Ma mère est décédée à l’âge de 96 ans. Dans une institution.
Elle priait pour que Dieu vienne la chercher. Elle était très lucide, mais le corps l’était moins. Outre sa hanche qui ne la soutenait plus, elle nécessitait une attention constante comme pour manger. Elle souffrait de solitude. Elle qui avait été active toute sa vie, entourée par la famille et ses amis, elle participait à plein d’activités communautaires. Elle a été autonome très longtemps et vivait dans une résidence privée.
Je me souviens, elle avait 85 ans, et m’avait confié qu’elle souffrait de solitude, qu’elle souhaitait que Dieu vienne la chercher. Ses amies étaient décédées. On ne pouvait imaginer combien chaque décès lui avait causé un immense chagrin. Un deuil foudroyant. De telle sorte qu’elle se retrouvait seule. Les journées à végéter dans sa chambre lui paraissaient atrocement longues. Sa vue ayant faibli, la lecture et la télévision, ses dernières amies, lui avaient faussé compagnie.
Je me souviens d’avoir tenté de la persuader de se faire d’autres amies de son âge.
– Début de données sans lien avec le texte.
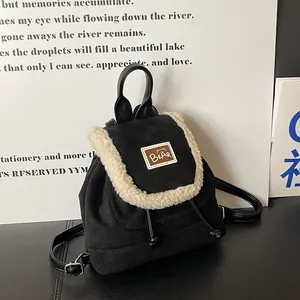 Mini black backpack with fuzzy fleece trim and bear patch for daily stylish casual wear
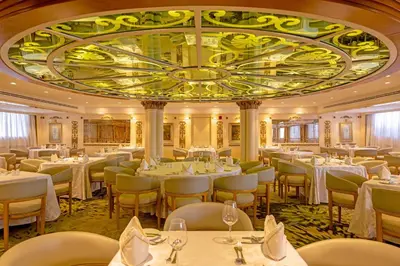 a restaurant with white tables and chairs and a large ceiling at Sonesta St George Nile Cruise - Aswan to Luxor 3 Nights from Friday to Monday in Aswan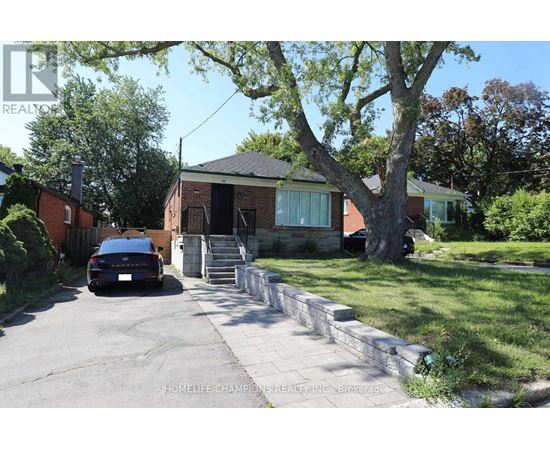 A house with a car parked in front of it.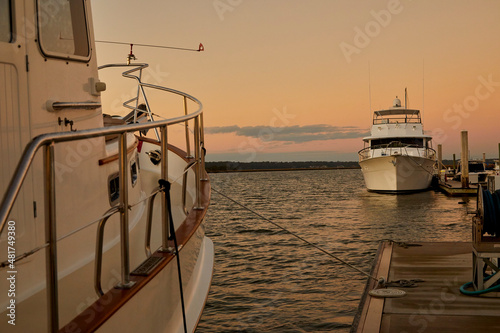 Boats docked in the harbor at sunset photo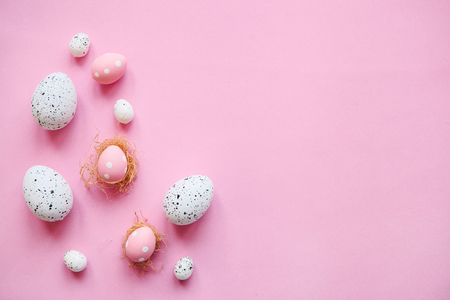 Set of colored eggs on a pink background. Festive Easter concept. Nearby there is a place for text.の写真素材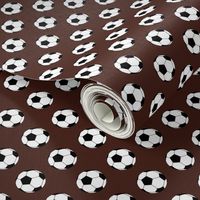 One Inch Black and White Soccer Balls on Brown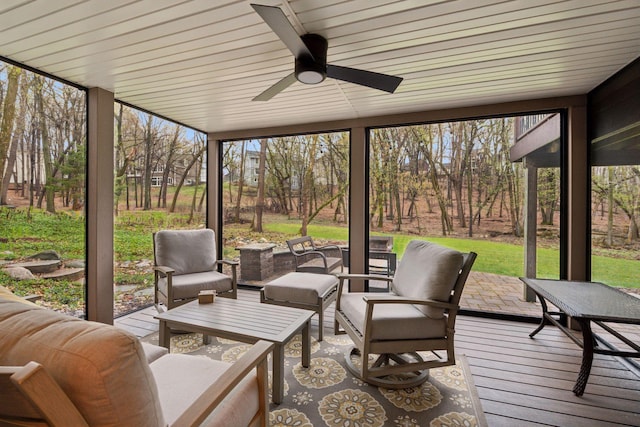 sunroom / solarium with ceiling fan, a wealth of natural light, and an outdoor hangout area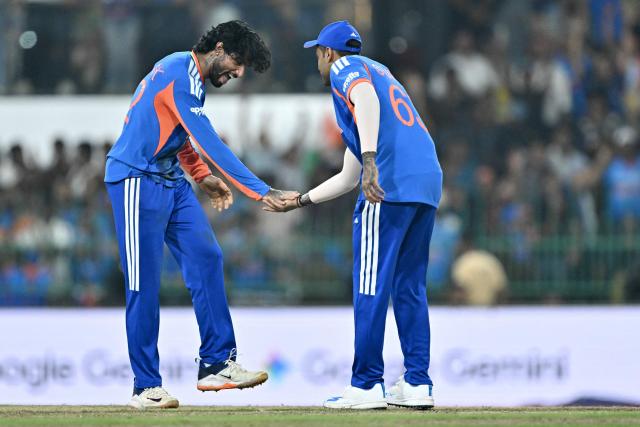 India's Tilak Varma (L) celebrates with captain Suryakumar Yadav after taking the wicket of Pakistan's Shadab Khan during the 2026 ICC Men's T20 Cricket World Cup group stage match between India and Pakistan at the R Premadasa Stadium in Colombo on February 15, 2026. (Photo by Manan VATSYAYANA / AFP)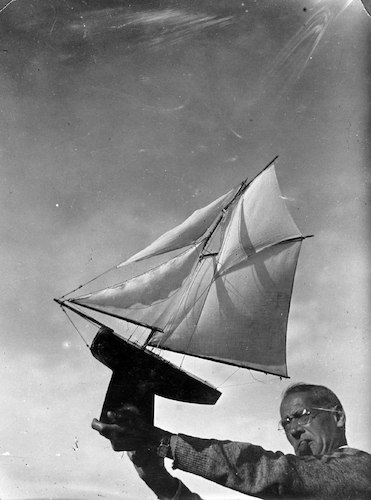 Lyonel Feininger hält eine Modellyacht in den Wind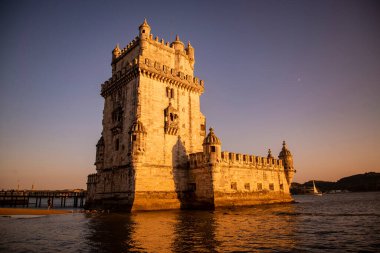 the Torre de Belem or Belem Tower at sunset on the Rio Tejo in Belem near the City of Lisbon in Portugal.  Portugal, Lisbon, October, 2021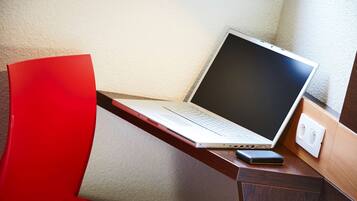 Un ordinateur portable sur un bureau, avec une chaise rouge, un téléphone et une prise électrique.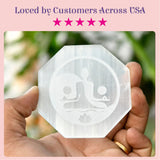 Selenite charging plate octagonal translucent crystal with frosted etched meditation figures and lotus flower design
Encore lucide, d’une belle apparence, d’une conversation articulée et encore autonome, elle avait toutes les qualités requises pour nouer encore des amitiés.
Elle m’avait répondu que chaque décès d’une de ses amies lui avait occasionné une peine indescriptible et que les deuils continuent de la hanter. Elle ne voulait plus se tisser des amitiés qui allaient partir en lui occasionnant encore de ces deuils accablants. Trop souffrant, suppliait-elle !
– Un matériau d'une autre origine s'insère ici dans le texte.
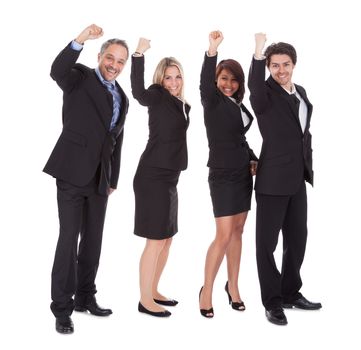 Group of happy business colleagues holding billboard isolated on white background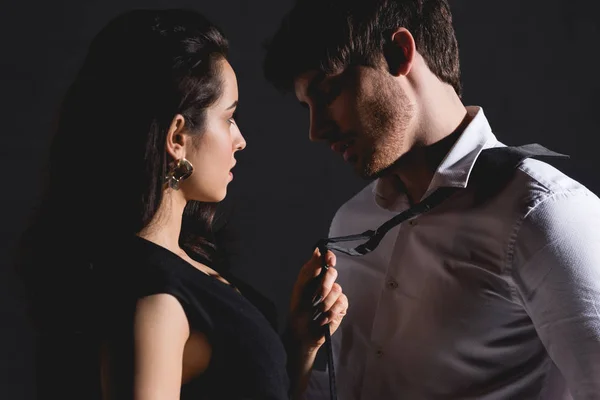 Man in white shirt and woman in dress standing and looking to each other isolated on black — Stock Photo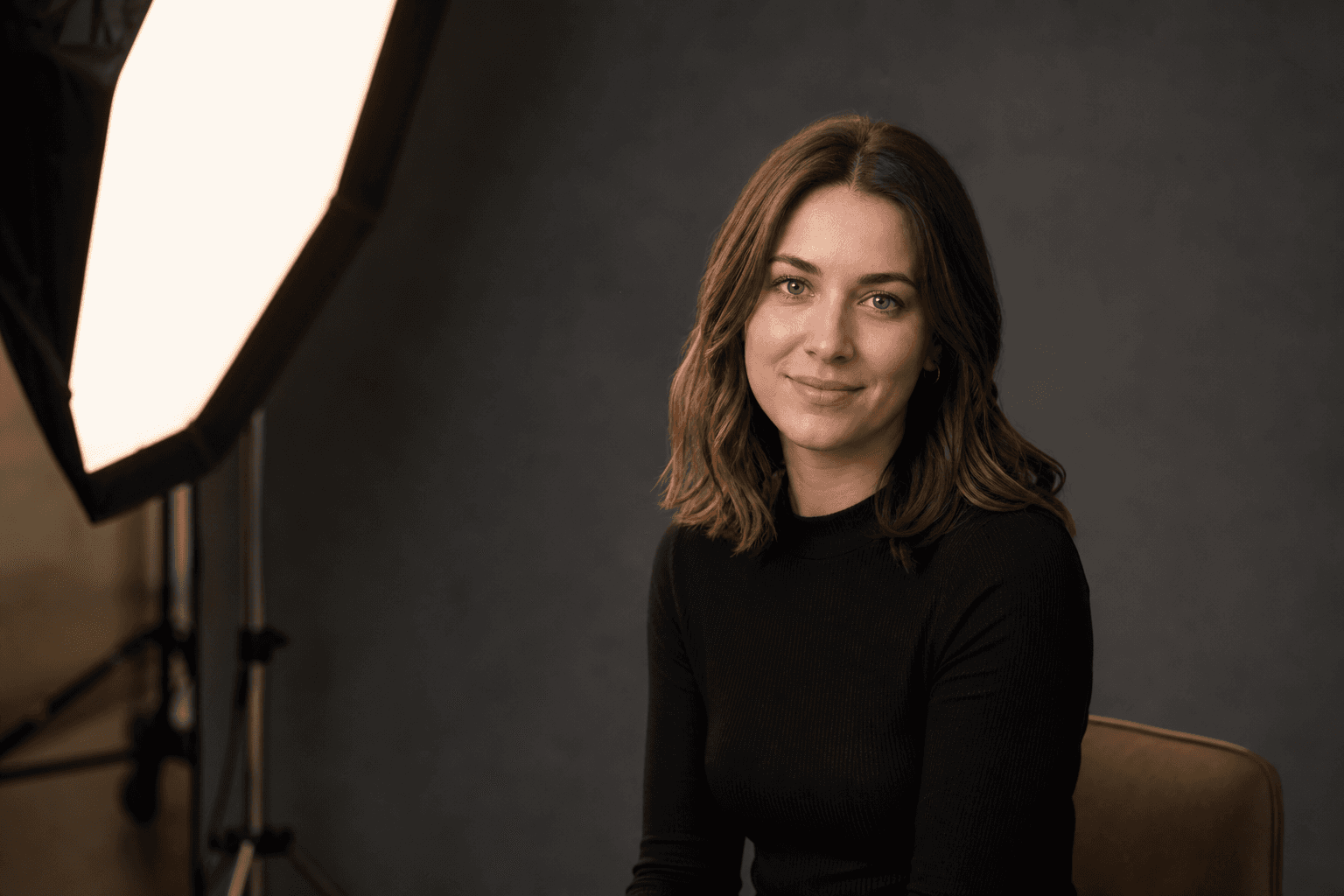 Studio portrait lighting — softbox key light and model in a home studio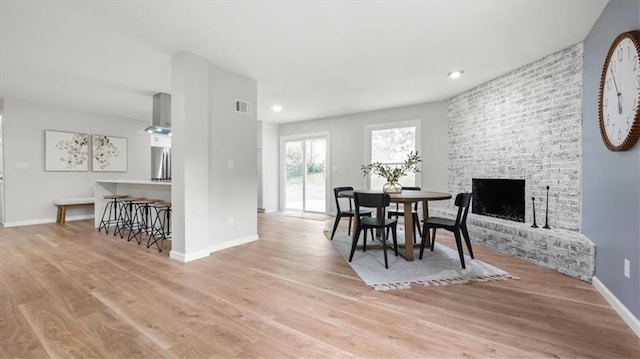 8741 Reeds Rd, Overland Park, KS 66207 - dining area with wood finished floors, baseboards, a large fireplace, and recessed lighting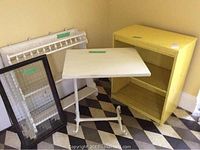 Photo of small shelf unit, rolling tray table, hanging shelf, and framed glass grouped on floor with checkered tile pattern background.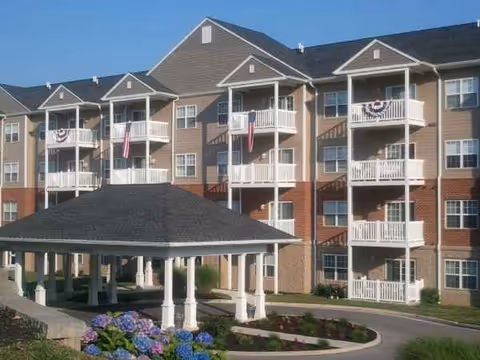 A multi-story senior living building with white balconies and a covered front pavilion, landscaped surroundings.
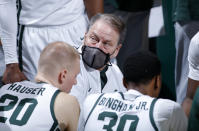 Michigan State coach Tom Izzo, center, talks to players during a timeout in the second half of an NCAA college basketball game against Indiana, Tuesday, March 2, 2021, in East Lansing, Mich. Michigan State won 64-58. (AP Photo/Al Goldis)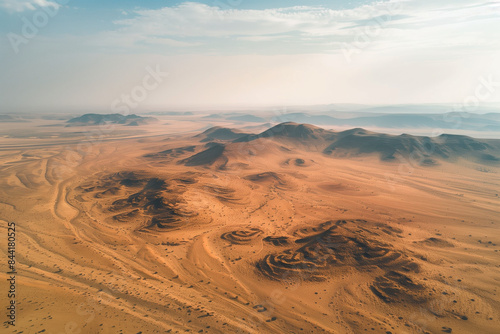 Aerial view of a desert landscape from a drone perspective  featuring rolling sand dunes and distant mountains  perfect for a nature-inspired wallpaper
Elle m’avouait avec un air coquin qu’un richissime vieux monsieur si élégant lui avait proposé le mariage lors d’une soirée dansante. Et pourquoi ne pas finir ses jours à l’aise financièrement avec lui ? Il souffrait de solitude et souhaitait une compagne comme elle. Imaginez le riche prince charmant à 85 ans ! La solution à sa propre solitude ! Un conte de fées !
Elle a refusé !
Elle m’a rappelé la longue agonie de mon père dont elle s’est occupée pendant de nombreuses années. Une tâche incommensurable ! Elle lui était dévouée totalement, lui malade, aigri, hargneux envers tout un chacun et elle en particulier. Une proche aidante en plein découragement, mais fidèle jusqu’à la fin. Une période atroce de sa vie.
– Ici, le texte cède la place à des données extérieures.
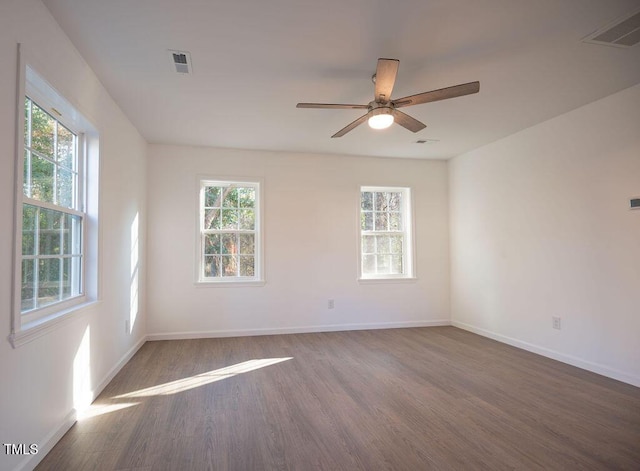 unfurnished room with dark hardwood / wood-style floors, ceiling fan, and a wealth of natural light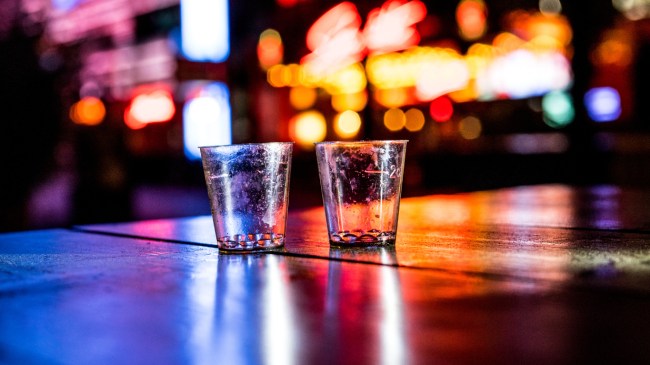 An image of empty shot glasses on a bar.
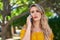 Young woman worried talking on the smartphone at park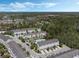 A beautiful aerial view of a well-maintained townhouse community with a sparkling blue pool at 471 Portico Ct, Oviedo, FL 32765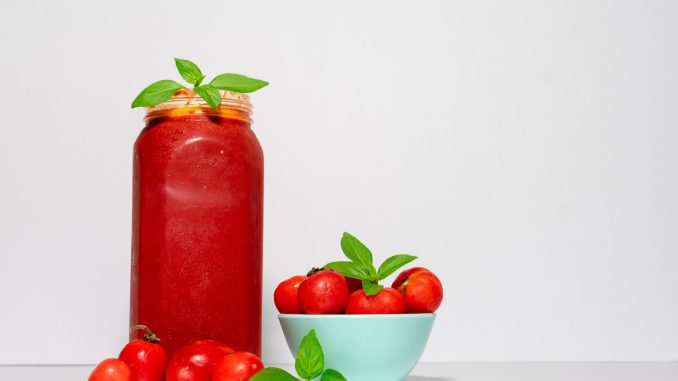 red tomato with jar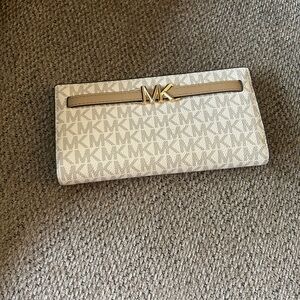 Michael Kors Beige Monogram Clutch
« Je ne veux plus revivre cela », m’a-t-elle avoué. « Même avec un homme riche et attentionné. Je ne veux plus être une aidante. Surtout à mon âge.»
J’ai compris ses choix. La solitude peut être voulue même à contrario. Vous pouvez la choisir à cause de la haine de la souffrance.
La solitude a beaucoup de visages. Elle peut être entourée d’une foule. Même un couple peut vivre la solitude. Elle peut être subie. Elle peut être voulue. Pour bien des gens, elle peut être un moindre mal. Comme pour ma mère. Mais son Dieu a mis bien du temps à venir la chercher.